The Australian Bird Guide

by Peter Menkhorst, Danny Rogers, Rohan Clarke, Jeff Davies, Peter Marsack & Kim Franklin.

CSIRO Publishing

“…research in systematics can enliven the way one observes any bird. When observing a bird, we see the latest results of ongoing and open-ended evolution. That makes things far more interesting than if our understanding of the birds and the names we use all just stood still.” – Dr Leo Joseph

 

This passage from Leo Joseph’s essay in The Australian Bird Guide zeroes in on what is, perhaps, a challenging aspect of birding for some: constant open-ended change. The endless mutability of species and bird names is a fact capable of draining the colour from many birders’ faces. Earlier in the same essay entitled A guide for birders to the evolution and classification of Australian birds, Dr Joseph points out that, “…this book and its successors should look very different from their predecessors in the species and groups they recognise.” It might seem like an obvious thing to point out but it’s a timely reminder. Outdated ideas can be tenacious. Change is something we all wrestle with in different ways but it cannot be resisted.

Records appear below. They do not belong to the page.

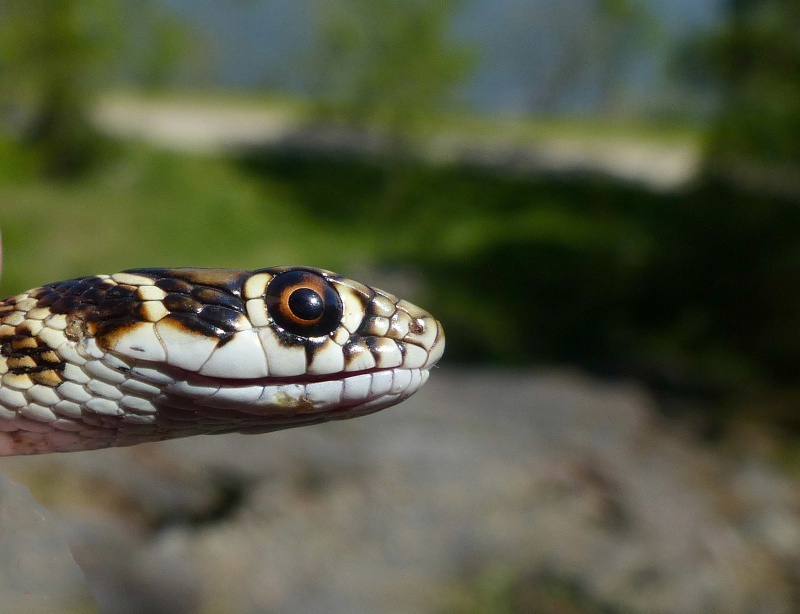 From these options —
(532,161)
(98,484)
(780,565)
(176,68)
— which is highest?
(176,68)

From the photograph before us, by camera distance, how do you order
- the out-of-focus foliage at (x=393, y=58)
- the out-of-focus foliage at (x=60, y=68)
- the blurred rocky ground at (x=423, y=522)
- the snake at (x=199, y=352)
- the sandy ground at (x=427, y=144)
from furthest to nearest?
the sandy ground at (x=427, y=144) < the out-of-focus foliage at (x=393, y=58) < the out-of-focus foliage at (x=60, y=68) < the blurred rocky ground at (x=423, y=522) < the snake at (x=199, y=352)

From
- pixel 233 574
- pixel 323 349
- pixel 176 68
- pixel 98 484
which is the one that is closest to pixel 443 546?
pixel 233 574

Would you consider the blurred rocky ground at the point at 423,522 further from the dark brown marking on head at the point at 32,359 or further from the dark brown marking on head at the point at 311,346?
the dark brown marking on head at the point at 311,346

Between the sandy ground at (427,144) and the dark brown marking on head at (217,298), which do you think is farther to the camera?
the sandy ground at (427,144)

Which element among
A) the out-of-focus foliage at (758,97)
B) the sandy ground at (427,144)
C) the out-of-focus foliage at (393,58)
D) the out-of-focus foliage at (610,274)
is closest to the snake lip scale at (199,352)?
the out-of-focus foliage at (610,274)

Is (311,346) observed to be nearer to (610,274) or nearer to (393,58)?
(610,274)

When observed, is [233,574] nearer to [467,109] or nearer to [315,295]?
[315,295]

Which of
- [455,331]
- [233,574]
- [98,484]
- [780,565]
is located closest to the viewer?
[233,574]
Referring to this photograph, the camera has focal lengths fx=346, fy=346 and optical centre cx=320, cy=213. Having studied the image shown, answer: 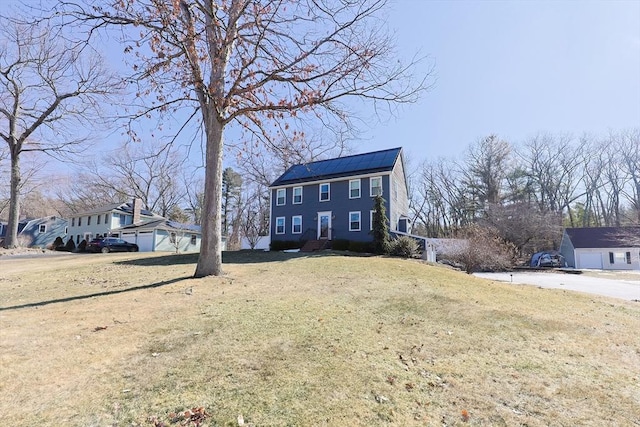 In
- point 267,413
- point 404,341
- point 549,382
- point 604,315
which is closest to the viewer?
point 267,413

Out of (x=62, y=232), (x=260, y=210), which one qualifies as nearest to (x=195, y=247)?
(x=260, y=210)

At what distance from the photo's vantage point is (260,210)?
145 feet

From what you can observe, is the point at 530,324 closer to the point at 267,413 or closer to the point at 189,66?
the point at 267,413

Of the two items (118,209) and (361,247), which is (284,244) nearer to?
(361,247)

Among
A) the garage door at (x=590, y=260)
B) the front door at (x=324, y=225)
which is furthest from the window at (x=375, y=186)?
the garage door at (x=590, y=260)

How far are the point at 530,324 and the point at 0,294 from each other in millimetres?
11361

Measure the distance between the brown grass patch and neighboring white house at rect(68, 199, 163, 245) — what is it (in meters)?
32.6

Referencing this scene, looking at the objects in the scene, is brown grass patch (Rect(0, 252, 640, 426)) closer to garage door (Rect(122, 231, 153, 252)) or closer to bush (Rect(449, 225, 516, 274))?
bush (Rect(449, 225, 516, 274))

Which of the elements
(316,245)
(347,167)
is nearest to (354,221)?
(316,245)

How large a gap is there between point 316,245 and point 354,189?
4.82 meters

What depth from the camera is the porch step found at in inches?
917

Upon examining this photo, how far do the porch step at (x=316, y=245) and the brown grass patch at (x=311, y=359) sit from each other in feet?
49.5

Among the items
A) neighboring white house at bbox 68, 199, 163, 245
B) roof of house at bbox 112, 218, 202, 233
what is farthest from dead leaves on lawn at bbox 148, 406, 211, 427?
neighboring white house at bbox 68, 199, 163, 245

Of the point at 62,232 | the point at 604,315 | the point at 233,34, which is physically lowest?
the point at 604,315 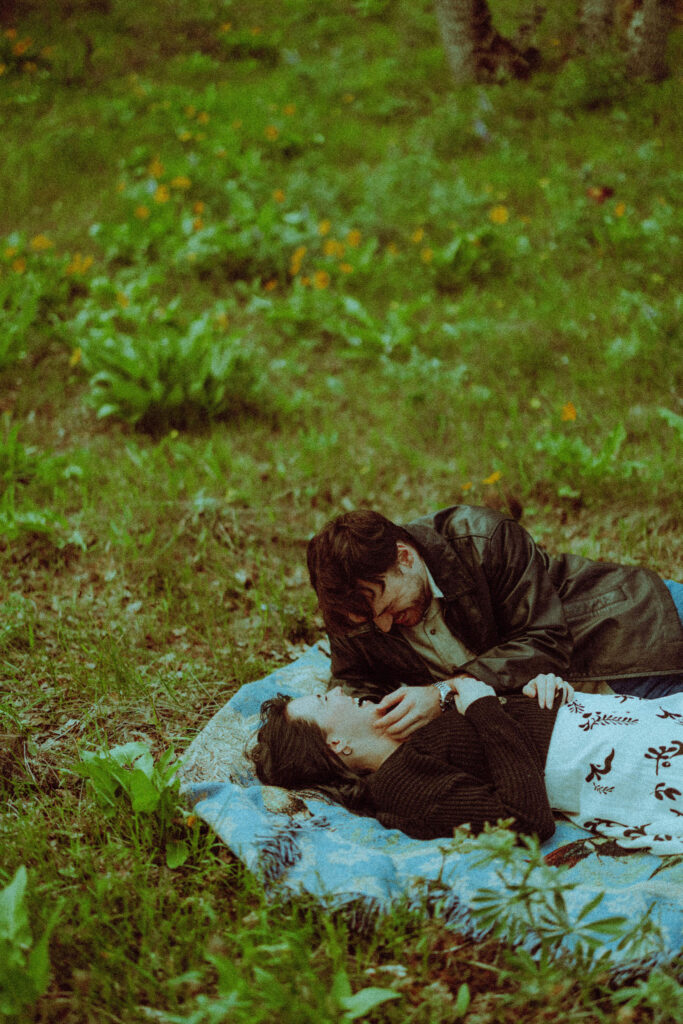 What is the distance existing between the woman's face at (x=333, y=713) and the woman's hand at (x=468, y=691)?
275mm

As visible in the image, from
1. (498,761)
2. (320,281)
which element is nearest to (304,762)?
(498,761)

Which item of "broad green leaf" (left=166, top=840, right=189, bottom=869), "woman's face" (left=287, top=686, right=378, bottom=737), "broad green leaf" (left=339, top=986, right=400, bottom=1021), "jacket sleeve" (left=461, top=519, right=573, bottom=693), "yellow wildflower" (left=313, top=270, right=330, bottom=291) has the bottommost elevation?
"broad green leaf" (left=166, top=840, right=189, bottom=869)

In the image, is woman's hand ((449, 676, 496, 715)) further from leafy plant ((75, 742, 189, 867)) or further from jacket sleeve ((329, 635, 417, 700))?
leafy plant ((75, 742, 189, 867))

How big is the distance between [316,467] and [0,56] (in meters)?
5.36

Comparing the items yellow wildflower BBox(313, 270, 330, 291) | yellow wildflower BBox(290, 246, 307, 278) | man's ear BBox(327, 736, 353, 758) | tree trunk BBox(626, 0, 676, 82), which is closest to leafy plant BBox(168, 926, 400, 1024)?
man's ear BBox(327, 736, 353, 758)

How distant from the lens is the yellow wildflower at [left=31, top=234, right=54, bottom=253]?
5.64 metres

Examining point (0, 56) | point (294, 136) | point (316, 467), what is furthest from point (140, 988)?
point (0, 56)

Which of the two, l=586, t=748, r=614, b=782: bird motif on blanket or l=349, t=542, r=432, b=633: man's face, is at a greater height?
l=349, t=542, r=432, b=633: man's face

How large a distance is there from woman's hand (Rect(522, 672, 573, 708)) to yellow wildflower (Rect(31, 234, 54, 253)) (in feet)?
15.8

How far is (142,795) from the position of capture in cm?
222

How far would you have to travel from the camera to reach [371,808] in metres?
2.48

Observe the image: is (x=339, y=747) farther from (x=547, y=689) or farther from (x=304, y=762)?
(x=547, y=689)

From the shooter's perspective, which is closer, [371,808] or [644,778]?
[644,778]

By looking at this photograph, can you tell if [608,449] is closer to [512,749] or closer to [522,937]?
[512,749] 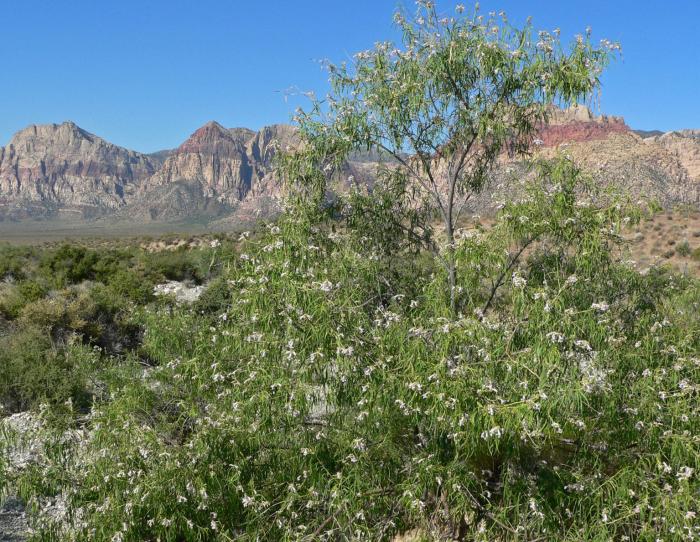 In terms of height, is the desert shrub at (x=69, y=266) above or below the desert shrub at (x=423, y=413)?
below

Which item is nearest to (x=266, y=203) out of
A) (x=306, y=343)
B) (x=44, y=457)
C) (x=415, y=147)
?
(x=415, y=147)

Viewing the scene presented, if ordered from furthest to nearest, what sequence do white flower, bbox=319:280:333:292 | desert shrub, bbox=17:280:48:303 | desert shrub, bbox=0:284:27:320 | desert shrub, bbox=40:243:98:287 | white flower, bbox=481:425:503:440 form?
desert shrub, bbox=40:243:98:287 < desert shrub, bbox=17:280:48:303 < desert shrub, bbox=0:284:27:320 < white flower, bbox=319:280:333:292 < white flower, bbox=481:425:503:440

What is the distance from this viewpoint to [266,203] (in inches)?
285

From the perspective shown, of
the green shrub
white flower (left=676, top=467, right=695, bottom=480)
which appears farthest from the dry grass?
white flower (left=676, top=467, right=695, bottom=480)

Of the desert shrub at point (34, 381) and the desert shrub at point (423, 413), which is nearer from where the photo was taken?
the desert shrub at point (423, 413)

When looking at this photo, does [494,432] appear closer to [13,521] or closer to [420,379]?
[420,379]

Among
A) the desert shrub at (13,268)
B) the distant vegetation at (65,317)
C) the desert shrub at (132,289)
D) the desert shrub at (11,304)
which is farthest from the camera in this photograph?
the desert shrub at (13,268)

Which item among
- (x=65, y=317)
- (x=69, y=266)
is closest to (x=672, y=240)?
(x=69, y=266)

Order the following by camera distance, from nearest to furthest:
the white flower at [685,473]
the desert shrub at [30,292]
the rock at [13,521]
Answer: the white flower at [685,473]
the rock at [13,521]
the desert shrub at [30,292]

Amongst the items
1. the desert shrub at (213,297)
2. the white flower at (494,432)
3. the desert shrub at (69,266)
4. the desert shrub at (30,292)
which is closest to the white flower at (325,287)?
the white flower at (494,432)

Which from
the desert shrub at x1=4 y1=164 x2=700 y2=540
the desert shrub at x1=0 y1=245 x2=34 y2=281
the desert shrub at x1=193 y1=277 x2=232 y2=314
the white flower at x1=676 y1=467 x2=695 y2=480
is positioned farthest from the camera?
the desert shrub at x1=0 y1=245 x2=34 y2=281

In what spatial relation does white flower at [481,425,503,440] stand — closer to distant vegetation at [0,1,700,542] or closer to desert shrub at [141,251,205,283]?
distant vegetation at [0,1,700,542]

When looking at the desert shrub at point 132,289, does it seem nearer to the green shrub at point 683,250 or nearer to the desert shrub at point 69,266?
the desert shrub at point 69,266

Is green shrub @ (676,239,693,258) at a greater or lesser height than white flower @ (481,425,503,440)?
greater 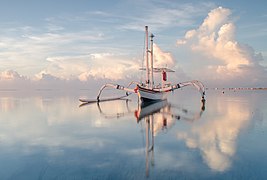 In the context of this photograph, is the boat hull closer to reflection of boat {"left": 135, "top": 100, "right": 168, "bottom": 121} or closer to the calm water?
reflection of boat {"left": 135, "top": 100, "right": 168, "bottom": 121}

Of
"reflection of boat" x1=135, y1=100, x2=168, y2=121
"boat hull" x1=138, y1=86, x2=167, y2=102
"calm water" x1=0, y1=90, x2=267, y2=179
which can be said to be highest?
"boat hull" x1=138, y1=86, x2=167, y2=102

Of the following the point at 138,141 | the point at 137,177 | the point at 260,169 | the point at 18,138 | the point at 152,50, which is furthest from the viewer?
the point at 152,50

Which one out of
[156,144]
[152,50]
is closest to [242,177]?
[156,144]

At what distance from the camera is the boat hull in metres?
49.9

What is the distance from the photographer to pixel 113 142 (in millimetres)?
18750

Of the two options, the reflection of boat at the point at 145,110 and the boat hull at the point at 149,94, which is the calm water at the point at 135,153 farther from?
the boat hull at the point at 149,94

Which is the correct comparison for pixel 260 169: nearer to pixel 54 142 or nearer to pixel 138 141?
pixel 138 141

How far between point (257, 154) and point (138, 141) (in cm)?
818

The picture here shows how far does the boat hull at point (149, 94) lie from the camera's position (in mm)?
49900

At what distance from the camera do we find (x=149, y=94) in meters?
52.6

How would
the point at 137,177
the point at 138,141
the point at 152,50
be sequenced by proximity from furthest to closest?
the point at 152,50, the point at 138,141, the point at 137,177

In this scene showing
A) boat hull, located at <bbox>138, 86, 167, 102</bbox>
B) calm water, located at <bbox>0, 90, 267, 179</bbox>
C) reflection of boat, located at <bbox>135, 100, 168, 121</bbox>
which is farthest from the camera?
boat hull, located at <bbox>138, 86, 167, 102</bbox>

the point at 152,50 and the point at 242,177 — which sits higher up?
the point at 152,50

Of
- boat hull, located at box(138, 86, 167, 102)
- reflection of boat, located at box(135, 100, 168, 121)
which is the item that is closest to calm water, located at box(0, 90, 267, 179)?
reflection of boat, located at box(135, 100, 168, 121) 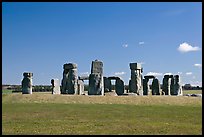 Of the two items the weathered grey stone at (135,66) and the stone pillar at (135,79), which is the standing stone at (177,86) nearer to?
the stone pillar at (135,79)

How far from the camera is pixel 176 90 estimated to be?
4172 centimetres

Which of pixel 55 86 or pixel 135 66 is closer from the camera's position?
pixel 135 66

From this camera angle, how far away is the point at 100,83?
3519 centimetres

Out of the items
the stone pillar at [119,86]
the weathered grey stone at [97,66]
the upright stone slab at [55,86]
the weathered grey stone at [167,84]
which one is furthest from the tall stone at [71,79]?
the weathered grey stone at [167,84]

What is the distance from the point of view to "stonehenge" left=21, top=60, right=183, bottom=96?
35344mm

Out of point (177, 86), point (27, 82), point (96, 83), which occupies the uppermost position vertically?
point (27, 82)

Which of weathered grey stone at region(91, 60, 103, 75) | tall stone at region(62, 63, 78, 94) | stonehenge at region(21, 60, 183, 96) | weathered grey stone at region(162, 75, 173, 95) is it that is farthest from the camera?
weathered grey stone at region(162, 75, 173, 95)

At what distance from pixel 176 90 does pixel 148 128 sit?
2889cm

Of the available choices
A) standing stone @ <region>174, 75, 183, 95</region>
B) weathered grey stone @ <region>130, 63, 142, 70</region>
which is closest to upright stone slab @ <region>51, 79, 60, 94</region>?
weathered grey stone @ <region>130, 63, 142, 70</region>

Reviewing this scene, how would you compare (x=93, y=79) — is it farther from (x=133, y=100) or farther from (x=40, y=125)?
(x=40, y=125)

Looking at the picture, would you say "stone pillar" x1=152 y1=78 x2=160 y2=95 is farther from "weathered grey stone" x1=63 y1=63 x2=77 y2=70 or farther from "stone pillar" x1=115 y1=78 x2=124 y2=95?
"weathered grey stone" x1=63 y1=63 x2=77 y2=70

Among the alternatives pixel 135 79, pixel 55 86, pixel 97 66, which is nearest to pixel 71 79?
pixel 55 86

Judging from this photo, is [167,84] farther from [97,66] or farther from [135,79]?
[97,66]

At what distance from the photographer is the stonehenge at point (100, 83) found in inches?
1391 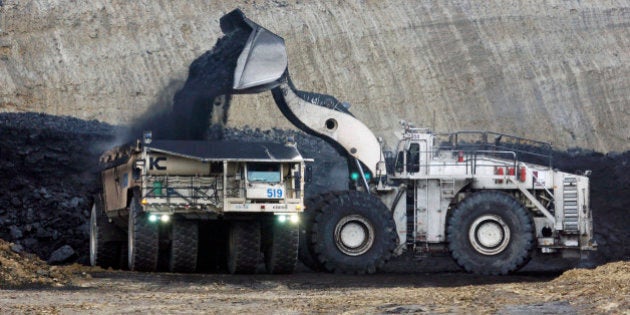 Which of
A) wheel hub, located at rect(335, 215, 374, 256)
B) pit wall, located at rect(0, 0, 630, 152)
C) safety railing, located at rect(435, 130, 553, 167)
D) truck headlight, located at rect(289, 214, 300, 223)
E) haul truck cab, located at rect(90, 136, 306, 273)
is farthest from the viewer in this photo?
pit wall, located at rect(0, 0, 630, 152)

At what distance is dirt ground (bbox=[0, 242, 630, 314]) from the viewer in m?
18.0

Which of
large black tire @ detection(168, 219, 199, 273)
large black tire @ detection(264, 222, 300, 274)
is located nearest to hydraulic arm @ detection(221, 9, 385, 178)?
large black tire @ detection(264, 222, 300, 274)

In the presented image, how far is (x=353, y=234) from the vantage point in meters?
28.4

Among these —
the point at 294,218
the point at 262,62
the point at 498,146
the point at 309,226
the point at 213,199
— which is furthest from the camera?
the point at 498,146

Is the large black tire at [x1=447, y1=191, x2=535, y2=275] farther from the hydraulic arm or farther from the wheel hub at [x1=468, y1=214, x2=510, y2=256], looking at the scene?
the hydraulic arm

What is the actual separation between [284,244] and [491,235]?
4.94 meters

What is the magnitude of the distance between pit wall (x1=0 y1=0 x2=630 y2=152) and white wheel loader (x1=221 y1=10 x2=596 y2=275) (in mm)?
13785

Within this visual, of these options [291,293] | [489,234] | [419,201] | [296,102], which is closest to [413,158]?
[419,201]

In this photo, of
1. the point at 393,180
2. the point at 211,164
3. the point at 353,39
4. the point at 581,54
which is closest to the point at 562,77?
the point at 581,54

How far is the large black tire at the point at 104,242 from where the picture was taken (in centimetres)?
2983

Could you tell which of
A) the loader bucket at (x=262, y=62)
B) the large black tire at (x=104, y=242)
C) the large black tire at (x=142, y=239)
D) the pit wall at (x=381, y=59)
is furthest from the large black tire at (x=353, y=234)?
the pit wall at (x=381, y=59)

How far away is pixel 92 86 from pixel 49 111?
8.32 ft

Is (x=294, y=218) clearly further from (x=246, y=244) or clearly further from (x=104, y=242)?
(x=104, y=242)

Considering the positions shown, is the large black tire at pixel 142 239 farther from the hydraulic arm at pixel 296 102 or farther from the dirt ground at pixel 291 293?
the hydraulic arm at pixel 296 102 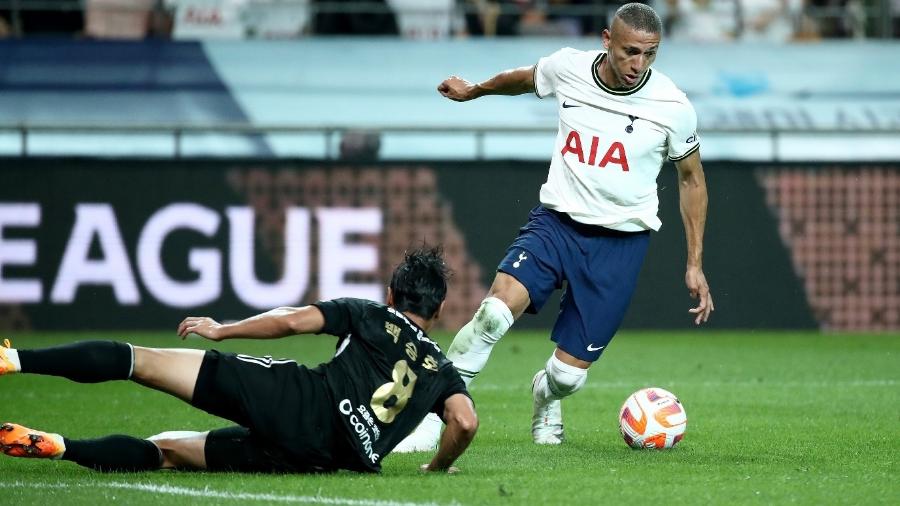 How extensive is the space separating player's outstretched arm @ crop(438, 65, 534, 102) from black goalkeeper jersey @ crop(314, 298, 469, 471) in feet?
6.13

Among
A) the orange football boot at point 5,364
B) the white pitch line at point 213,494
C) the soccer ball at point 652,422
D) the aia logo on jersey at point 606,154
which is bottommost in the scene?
the soccer ball at point 652,422

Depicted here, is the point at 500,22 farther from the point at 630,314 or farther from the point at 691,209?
the point at 691,209

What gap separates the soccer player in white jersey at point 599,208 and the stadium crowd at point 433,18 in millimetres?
8907

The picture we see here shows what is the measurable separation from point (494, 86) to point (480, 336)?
52.7 inches

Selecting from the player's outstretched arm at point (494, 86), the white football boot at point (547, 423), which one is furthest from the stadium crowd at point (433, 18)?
the white football boot at point (547, 423)

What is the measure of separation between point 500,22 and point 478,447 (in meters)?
9.79

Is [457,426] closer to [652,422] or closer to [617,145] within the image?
[652,422]

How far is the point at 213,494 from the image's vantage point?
5.46 metres

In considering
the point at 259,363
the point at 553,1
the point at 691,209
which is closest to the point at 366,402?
the point at 259,363

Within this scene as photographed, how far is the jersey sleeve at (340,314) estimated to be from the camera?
19.0 ft

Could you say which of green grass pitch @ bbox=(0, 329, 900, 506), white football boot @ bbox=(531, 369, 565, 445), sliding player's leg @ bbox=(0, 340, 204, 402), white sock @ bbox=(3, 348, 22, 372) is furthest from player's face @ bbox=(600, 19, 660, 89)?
white sock @ bbox=(3, 348, 22, 372)

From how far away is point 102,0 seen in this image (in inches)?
622

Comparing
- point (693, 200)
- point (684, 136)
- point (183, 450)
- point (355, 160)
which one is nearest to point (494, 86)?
point (684, 136)

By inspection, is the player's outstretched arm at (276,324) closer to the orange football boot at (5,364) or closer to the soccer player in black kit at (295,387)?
the soccer player in black kit at (295,387) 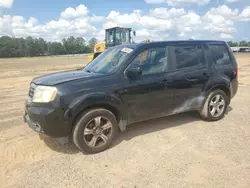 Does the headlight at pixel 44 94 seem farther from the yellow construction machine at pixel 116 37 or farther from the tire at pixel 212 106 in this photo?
the yellow construction machine at pixel 116 37

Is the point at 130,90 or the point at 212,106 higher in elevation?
the point at 130,90

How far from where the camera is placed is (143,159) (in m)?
3.60

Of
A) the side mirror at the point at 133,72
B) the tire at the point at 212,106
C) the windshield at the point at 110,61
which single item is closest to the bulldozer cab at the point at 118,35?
the windshield at the point at 110,61

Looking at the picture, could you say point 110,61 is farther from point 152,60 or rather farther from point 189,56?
point 189,56

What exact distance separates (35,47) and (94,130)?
10014 cm

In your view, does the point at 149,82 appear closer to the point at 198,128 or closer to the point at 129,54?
the point at 129,54

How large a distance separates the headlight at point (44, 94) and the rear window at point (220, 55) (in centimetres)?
364

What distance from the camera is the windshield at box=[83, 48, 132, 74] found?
4.16m

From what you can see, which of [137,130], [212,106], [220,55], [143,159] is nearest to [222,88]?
[212,106]

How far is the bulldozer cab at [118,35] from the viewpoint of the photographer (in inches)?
730

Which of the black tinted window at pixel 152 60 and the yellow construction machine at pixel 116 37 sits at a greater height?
the yellow construction machine at pixel 116 37

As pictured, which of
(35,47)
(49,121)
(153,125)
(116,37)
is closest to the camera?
(49,121)

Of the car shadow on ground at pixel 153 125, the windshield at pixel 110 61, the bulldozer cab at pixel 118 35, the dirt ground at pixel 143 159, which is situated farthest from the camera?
the bulldozer cab at pixel 118 35

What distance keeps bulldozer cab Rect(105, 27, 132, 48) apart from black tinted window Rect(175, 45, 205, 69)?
1414cm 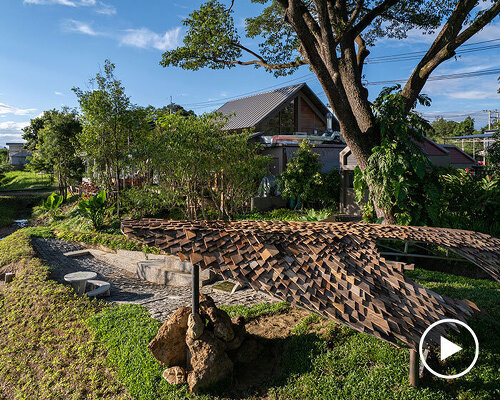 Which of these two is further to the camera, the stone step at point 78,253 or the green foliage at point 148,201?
the green foliage at point 148,201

With that in mind, find your favourite armchair. Sitting comfortably? Things are about to change. Get excited.

To say that The Australian Bird Guide (ABG) is the most anticipated natural history publishing release in recent Australian history might sound like embroidery, but it may in fact be selling the phenomenon short. The only other release I can think of that caused quite such a stir in the last few decades is that of HANZAB; still a towering landmark. During the final months before the release of The ABG the suspense in the birdwatching community has been palpable. The book has been a full eight years in the making and the last couple of weeks ‘til its official launch promise to drag out larghissimo. A few have remained phlegmatic but most birdwatchers have by now seen a few sneak peeks online, which have raised expectations to stratospheric elevations. Speaking to some, you might get the impression of a group of acolytes awaiting the delivery of the gospels of Australian birding; carved in stone; direct from the mountaintop; from the inner circle of the highest curia of austral ornithological savvy.

In many ways it’s an apt analogy.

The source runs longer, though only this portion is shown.